Iterate Over Large Amount Of MongoDB Documents With RabbitMQ Work Queues
So recently I need to iterate over and process a large amount of MongoDB documents, around 30,000 documents per day, each around 5~15MB in size, so it takes quite a bit of time to process each individual document.
And these documents need to be queried by different criteria, there are about 1000 individual queries with same query structure but different query value.
For the MVP I tried writing a simple Node.js script to loop over the documents asynchronously, fire up all queries and iterate on them all in one process(one event loop).
But I quickly realised it won’t even work given unlimited time, as I counter lots of cursors not found issue, because MongoDB query cursor would time out, and because all queries(cursors) are created asynchronously and its execution order are not in my control, lots of queries won’t get chance for running for a long period of time (longer than 10 minutes), and thus when finally given a chance, will raise an error and kill the process.

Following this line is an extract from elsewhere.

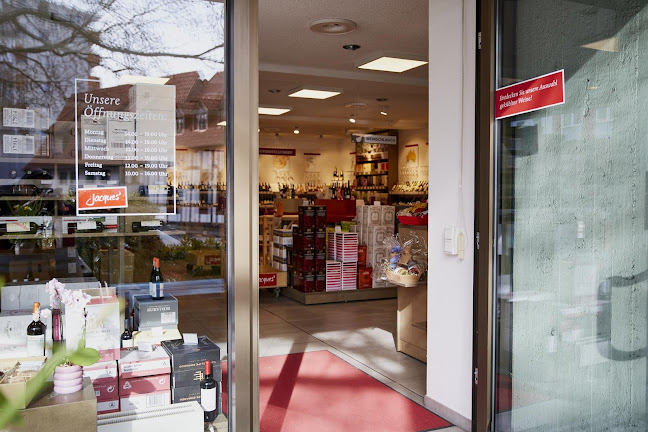 Opinii despre Jacques’ Wein-Depot Herford în Herford - Gastronomie und Hotellerie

Given that using a cursor without timeout will be dangerous and a bad practice and I want to speed up the process by using some parallel processing, I decided to use a RabbitMQ work queue to solve the issue.
So I split the program into two parts, namely the producer part and consumer part; the producer part will query the MongoDB and get all document ids without processing them, then pipe the ids into the RabbitMQ worker queue. Then I launched 15 consumers with pm2 listening on the worker queue with simple round-robin dispatching to process documents in parallel.
In this setup the producer did a short query and only retrieve all the ids without processing them, so it’s fast; the consumers retrieve the document one by one via document id, thus it’s also fast and impose a pretty low load on MongoDB. And the huge workload is roughly evenly distributed over the time and parallelised, so it’s also good.
The setup could easily scale up by simply launching more consumers and could handle failures of running consumers by using message acknowledgment and thus re-delivery the un-acknowledged messages.
PS: special thanks to my technical lead at Nugit for showing the light when I am stuck and show me how to effectively measure and debug codes.